ASSIGNMENT: Repeat the lines from the one containing "R&M Richards Long" through the last line of the data, exactly, pictures omitted.

DATA BELOW:
>>>
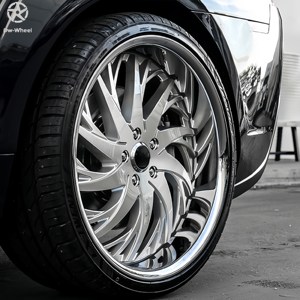 Jantes forgées monobloc DW 24 26 pouces 5x120 en aluminium poli à déport profond pour Chevrolet Camaro - Product Image 4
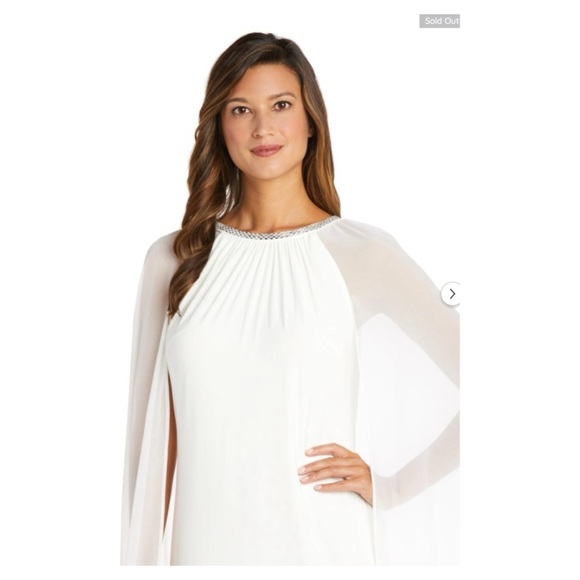 R&M Richards Long Formal Cape Gown in Ivory - Picture 2 of 10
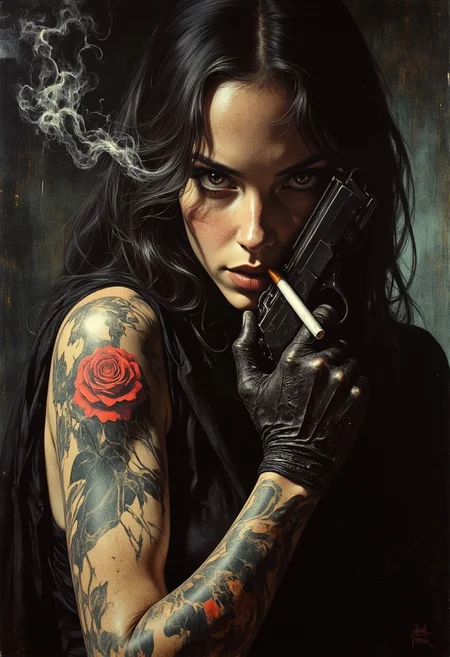 noir setting, femme fatale, red rose tattoo, thompson gun, mysterious woman, glowing eyes, smoking cigar, dimly lit, dramatic shadows, dark ambiance, subtle smoke trails, cinematic lighting, moody atmosphere, close-up perspective, elegant yet ominous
<<<
ANSWER AREA:
 R&M Richards Long Formal Cape Gown in Ivory - Picture 2 of 10
 noir setting, femme fatale, red rose tattoo, thompson gun, mysterious woman, glowing eyes, smoking cigar, dimly lit, dramatic shadows, dark ambiance, subtle smoke trails, cinematic lighting, moody atmosphere, close-up perspective, elegant yet ominous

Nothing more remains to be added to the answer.